Şeyhülislâmların başlıca vazifesi kendilerine sorulan meseleler hakkında fetva vermektir. Osmanlı şeyhülislâmlarının verdiği yazılı bir fetva, soru ve cevap olmak üzere iki ana kısım ile bazı tamamlayıcı unsurlardan oluşur. Sorudan önce Allah’tan yardım ve doğruya ulaştırmayı isteyen duaya yer verilir. Duaların yazılış biçimleri şeyhülislâm fetvalarında oldukça karakteristik bir hal almıştır.  Duadan sonra genellikle “Bu mes’ele husûsunda eimme-i Hanefiyye’den cevâb ne veçhiledir” gibi bir ifadeye yer verilerek meselenin Hanefî mezhebinin görüşlerine göre cevaplandırılması talep edilir, ardından soru yazılır. Sorular daima mümkün olduğu kadar soyut bir tarzda formülleştirilir, fetva isteyenin ve ilgili kişilerin gerçek isimleri belirtilmez. Genellikle “el-cevâb Allahu aʻlem” ibaresi ile başlayan cevap kısmındaki yazının şeyhülislâmın el yazısıyla olması ve fetvaların altında imzalarının bulunması zaruridir.

1826 yılına kadar şeyhülislâmlara ayrı bir yer tahsis edildiğine dair bilgi yoktur, ilk dönemlerde oturdukları konakların selamlık kısmında, burası uygun değilse geçici olarak kiraladıkları konaklarda vazifelerini icra etmişlerdir. 1826 yılında Yeniçeri Ocağı lağvedildikten sonra Yeniçeri Ağası’nın resmi makamı olan Ağakapısı şeyhülislâmlara tahsis edilmiş ve Fetvahâne olarak kullanılmaya başlanmıştır. 

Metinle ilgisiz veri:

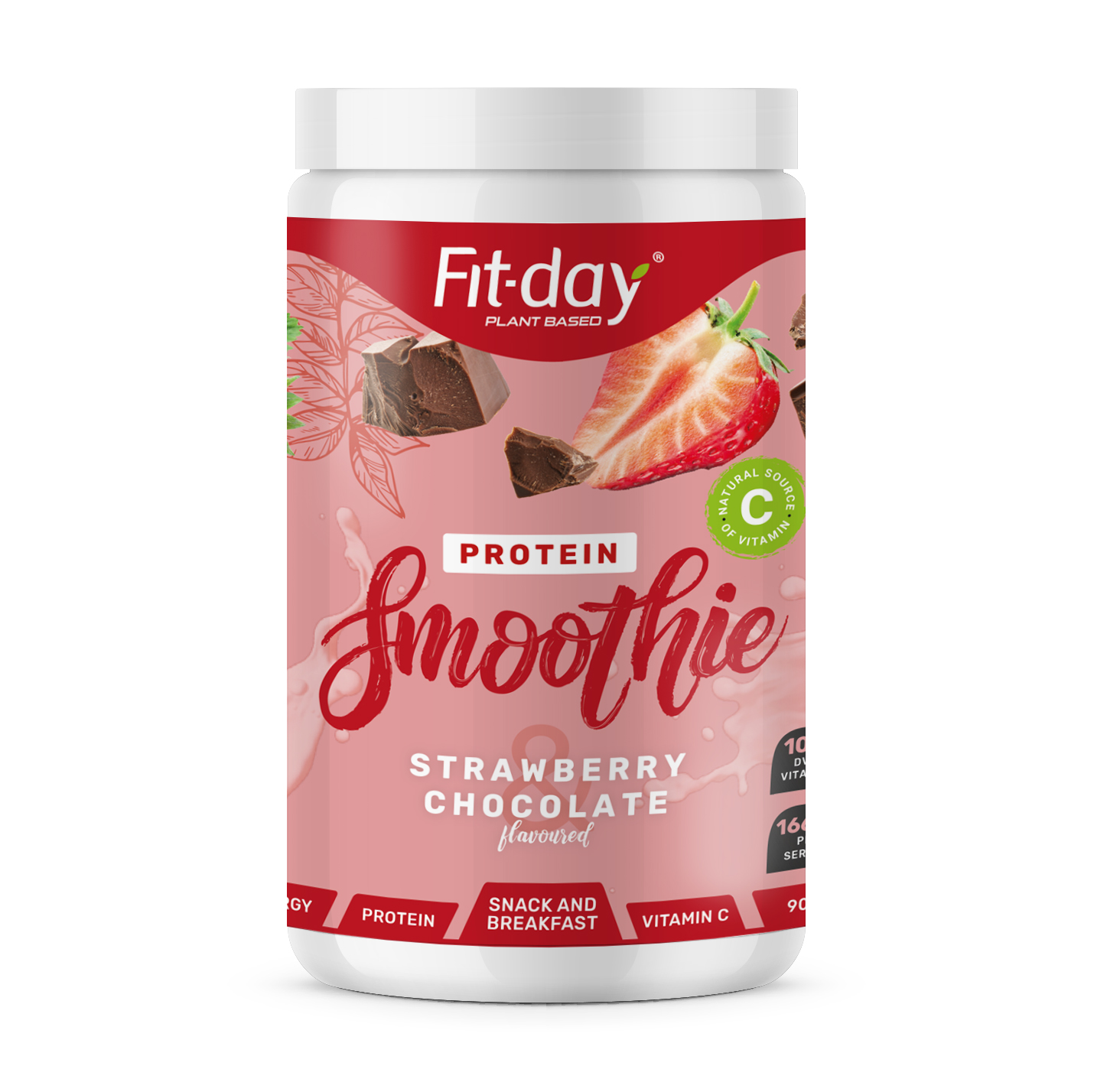 Fit-day Protein smoothie Gramáž: 900 g, Příchuť: Jahoda-čokoláda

XVIII. yüzyıl başlarındaki isyanlarda şeyhülislâmların siyasete karışması, kurumun itibar kaybettiği şeklinde yorumlanmıştır. XVIII. ve XIX. yüzyıllarda toplanan meşveret meclislerinde şeyhülislâmlar en güçlü üye olarak bulunmuştur. Bu meclislerde görüşülen siyasî ve idarî konuların dinî ve hukukî meşruiyetini sağlamlaştırmak için şeyhülislâmların fetvaları alınmıştır.  1826’da Vakʻa-i Hayriyye’den sonra gücü azalmaya başlayan şeyhülislâmın ve ilmiyenin bu durumu, Tanzimat dönemi ve II. Meşrutiyet’in ardından daha açık hale gelmiştir. 1425’ten sonraki beş asırlık sürede 129 şeyhülislâm görev yapmıştır. Şeyhülislâmlık, Cumhuriyet’in kuruluş yıllarında önce Şerʻiyye ve Evkaf Vekâleti’ne dönüştürülmüş, 1924’te bu vekâlet kaldırılarak Diyanet İşleri Reisliği kurulmuştur.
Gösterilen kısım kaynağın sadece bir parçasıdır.